• _RAW DATA_:
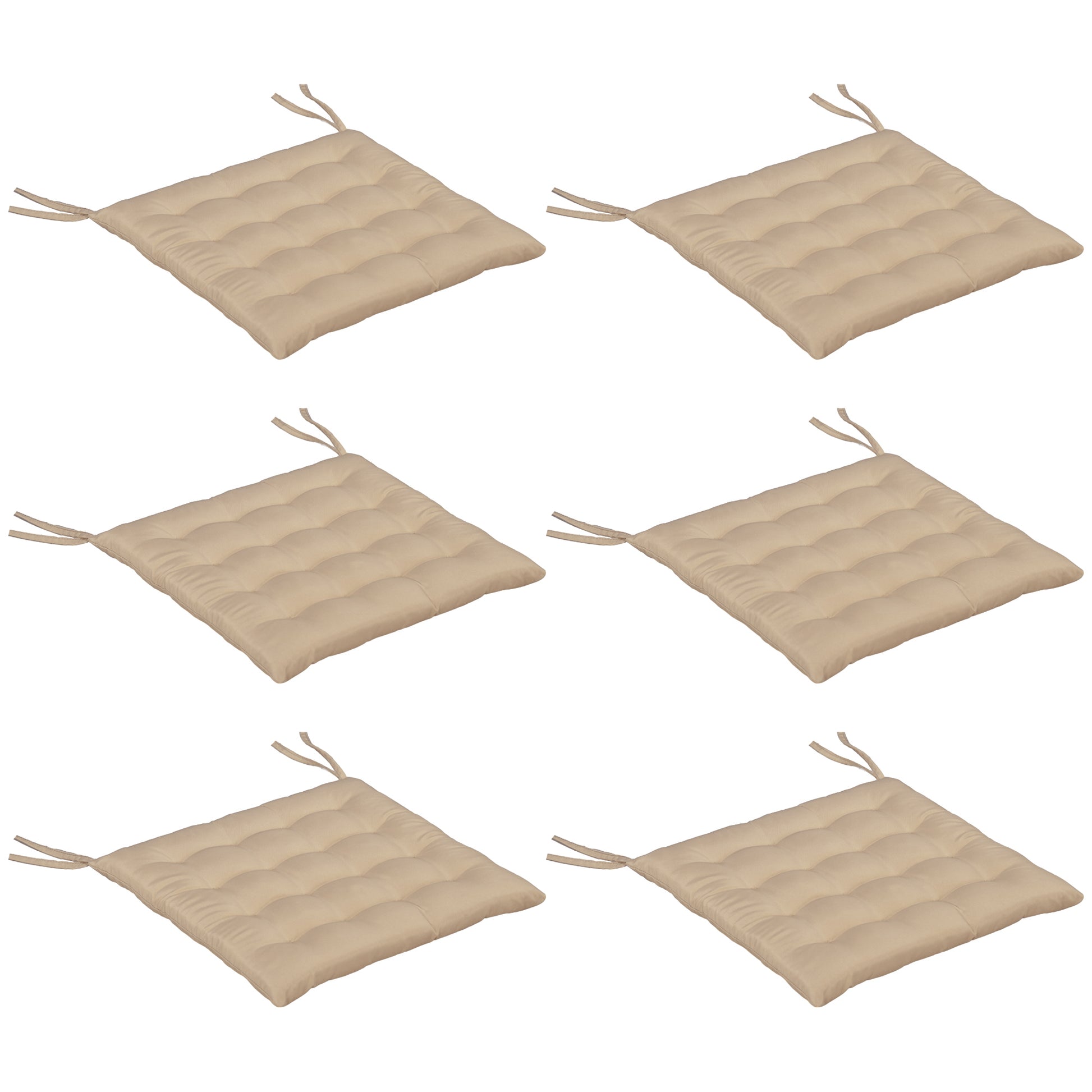 Outsunny Juego De 6 Cojines Para Sillas De Comedor 40x40 Cm Caqui_0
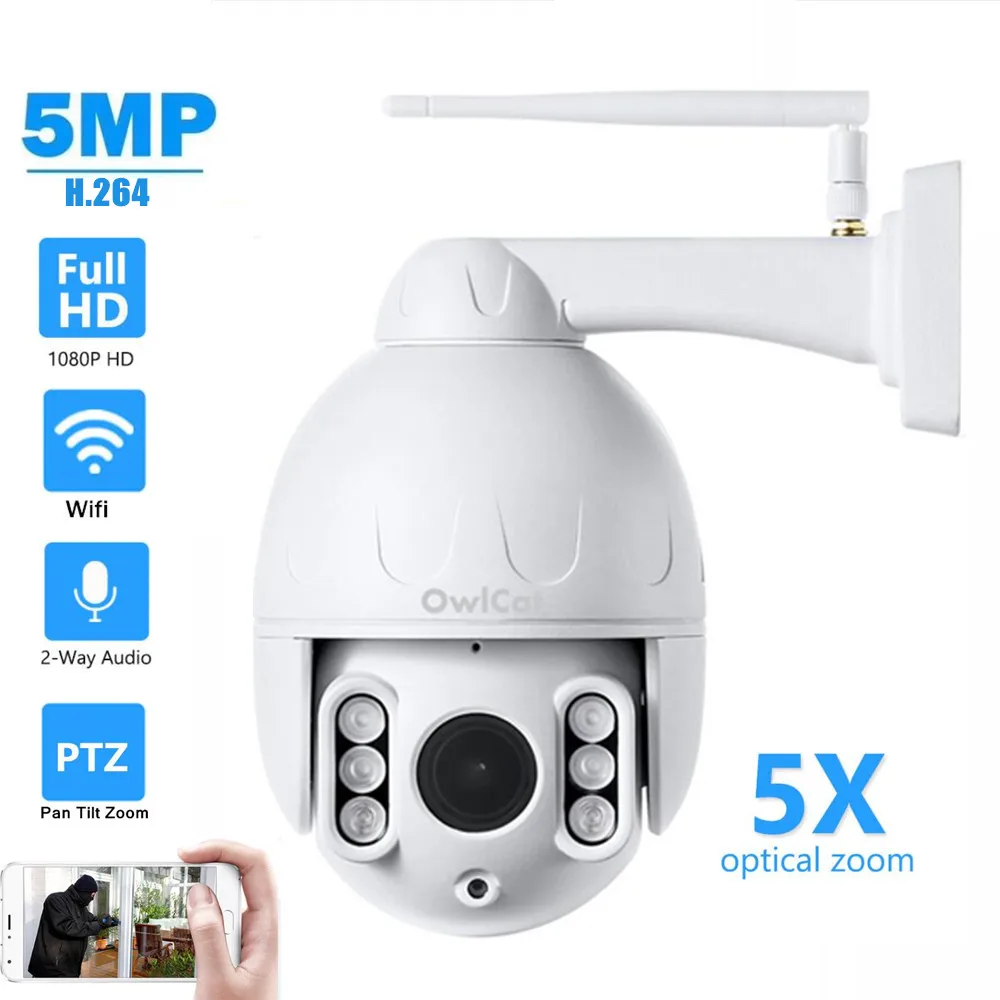 2MP PTZ Wireless IP Camera Pan Tilt Rotate 5X Zoom Auto Cruise Two Way Audio H.265 Motion Detect Home Security Surveillance
2MP PTZ Wireless IP Camera Pan Tilt Rotate 5X Zoom Auto Cruise Two Way Audio H.265 Motion Detect Home Security Surveillance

• _YOUR TASK_: Extract every line of the data exactly; pictures stay out.

• _OUTPUT BELOW_:
 Outsunny Juego De 6 Cojines Para Sillas De Comedor 40x40 Cm Caqui_0
 2MP PTZ Wireless IP Camera Pan Tilt Rotate 5X Zoom Auto Cruise Two Way Audio H.265 Motion Detect Home Security Surveillance
2MP PTZ Wireless IP Camera Pan Tilt Rotate 5X Zoom Auto Cruise Two Way Audio H.265 Motion Detect Home Security Surveillance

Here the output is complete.